▶ _Task goal_: Return the following from the records below: each line, word for word, starting with the line that contains "(百城百縣百企調(diào)" and going on through the line that contains "Volkswagen Touran (2008) thumbnail 24", with nothing outside that range.

▶ _Extracted data_:

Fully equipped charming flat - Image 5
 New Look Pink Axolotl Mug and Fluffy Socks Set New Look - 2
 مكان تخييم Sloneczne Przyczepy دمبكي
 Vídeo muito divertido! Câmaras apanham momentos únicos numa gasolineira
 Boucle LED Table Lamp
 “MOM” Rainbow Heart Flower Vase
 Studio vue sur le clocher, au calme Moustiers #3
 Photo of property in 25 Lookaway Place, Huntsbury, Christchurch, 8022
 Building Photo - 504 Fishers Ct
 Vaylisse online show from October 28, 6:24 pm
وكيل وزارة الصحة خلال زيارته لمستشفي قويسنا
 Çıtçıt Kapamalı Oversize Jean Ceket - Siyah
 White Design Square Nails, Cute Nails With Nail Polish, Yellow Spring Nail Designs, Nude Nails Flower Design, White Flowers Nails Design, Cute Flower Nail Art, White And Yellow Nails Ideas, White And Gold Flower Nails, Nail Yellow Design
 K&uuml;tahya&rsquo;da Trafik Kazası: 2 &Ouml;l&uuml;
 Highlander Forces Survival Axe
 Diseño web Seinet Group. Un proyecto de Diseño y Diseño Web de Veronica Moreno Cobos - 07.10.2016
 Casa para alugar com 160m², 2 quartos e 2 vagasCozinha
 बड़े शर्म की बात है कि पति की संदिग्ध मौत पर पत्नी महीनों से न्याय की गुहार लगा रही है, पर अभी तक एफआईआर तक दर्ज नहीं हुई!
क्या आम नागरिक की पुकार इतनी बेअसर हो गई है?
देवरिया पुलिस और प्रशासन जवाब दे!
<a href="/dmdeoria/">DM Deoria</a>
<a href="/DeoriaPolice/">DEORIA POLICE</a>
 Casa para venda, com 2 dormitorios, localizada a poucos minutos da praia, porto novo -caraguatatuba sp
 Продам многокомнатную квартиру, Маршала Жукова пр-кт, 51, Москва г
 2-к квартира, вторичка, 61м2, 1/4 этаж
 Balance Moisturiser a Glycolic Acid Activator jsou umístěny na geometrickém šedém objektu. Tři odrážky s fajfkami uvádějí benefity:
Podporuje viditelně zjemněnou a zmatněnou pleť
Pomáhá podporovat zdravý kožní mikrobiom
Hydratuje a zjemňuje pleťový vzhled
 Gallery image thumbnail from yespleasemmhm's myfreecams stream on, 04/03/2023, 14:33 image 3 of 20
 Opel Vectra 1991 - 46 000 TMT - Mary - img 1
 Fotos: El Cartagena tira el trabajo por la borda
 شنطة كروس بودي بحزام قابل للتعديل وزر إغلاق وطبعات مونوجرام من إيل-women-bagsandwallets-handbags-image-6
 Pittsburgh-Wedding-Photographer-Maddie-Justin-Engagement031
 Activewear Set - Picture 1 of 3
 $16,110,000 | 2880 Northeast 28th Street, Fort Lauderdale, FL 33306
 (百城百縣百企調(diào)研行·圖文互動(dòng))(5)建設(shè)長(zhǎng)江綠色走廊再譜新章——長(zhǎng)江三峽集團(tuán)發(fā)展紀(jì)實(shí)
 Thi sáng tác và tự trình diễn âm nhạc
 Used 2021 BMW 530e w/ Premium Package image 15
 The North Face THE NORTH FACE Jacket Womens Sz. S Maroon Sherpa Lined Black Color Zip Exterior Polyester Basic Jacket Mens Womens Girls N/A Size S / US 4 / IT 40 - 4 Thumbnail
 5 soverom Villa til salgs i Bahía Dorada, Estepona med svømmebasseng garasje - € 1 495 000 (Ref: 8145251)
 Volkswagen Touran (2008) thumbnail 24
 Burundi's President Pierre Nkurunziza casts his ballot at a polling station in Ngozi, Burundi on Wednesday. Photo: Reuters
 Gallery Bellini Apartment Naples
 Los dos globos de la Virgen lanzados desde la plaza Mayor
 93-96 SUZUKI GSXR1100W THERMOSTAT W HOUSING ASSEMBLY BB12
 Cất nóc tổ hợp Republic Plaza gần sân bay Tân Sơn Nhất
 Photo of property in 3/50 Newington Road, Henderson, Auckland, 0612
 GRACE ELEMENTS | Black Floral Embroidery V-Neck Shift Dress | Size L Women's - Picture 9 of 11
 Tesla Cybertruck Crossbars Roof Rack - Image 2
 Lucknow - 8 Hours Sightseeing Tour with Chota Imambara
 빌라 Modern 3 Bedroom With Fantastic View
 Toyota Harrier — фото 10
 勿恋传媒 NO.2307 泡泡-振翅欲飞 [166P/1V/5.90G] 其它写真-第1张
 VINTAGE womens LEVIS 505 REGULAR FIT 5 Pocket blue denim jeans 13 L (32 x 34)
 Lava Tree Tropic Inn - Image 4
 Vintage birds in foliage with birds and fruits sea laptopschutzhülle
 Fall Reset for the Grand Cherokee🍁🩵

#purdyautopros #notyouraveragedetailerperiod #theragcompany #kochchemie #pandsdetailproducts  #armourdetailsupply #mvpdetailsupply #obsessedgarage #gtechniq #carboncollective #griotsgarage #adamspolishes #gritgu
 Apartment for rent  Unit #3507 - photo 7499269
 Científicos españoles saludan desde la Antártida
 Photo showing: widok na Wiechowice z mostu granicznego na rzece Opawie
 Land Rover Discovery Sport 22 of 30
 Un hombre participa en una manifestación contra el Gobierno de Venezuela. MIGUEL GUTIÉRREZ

▶ _Answer area_:
 (百城百縣百企調(diào)研行·圖文互動(dòng))(5)建設(shè)長(zhǎng)江綠色走廊再譜新章——長(zhǎng)江三峽集團(tuán)發(fā)展紀(jì)實(shí)
 Thi sáng tác và tự trình diễn âm nhạc
 Used 2021 BMW 530e w/ Premium Package image 15
 The North Face THE NORTH FACE Jacket Womens Sz. S Maroon Sherpa Lined Black Color Zip Exterior Polyester Basic Jacket Mens Womens Girls N/A Size S / US 4 / IT 40 - 4 Thumbnail
 5 soverom Villa til salgs i Bahía Dorada, Estepona med svømmebasseng garasje - € 1 495 000 (Ref: 8145251)
 Volkswagen Touran (2008) thumbnail 24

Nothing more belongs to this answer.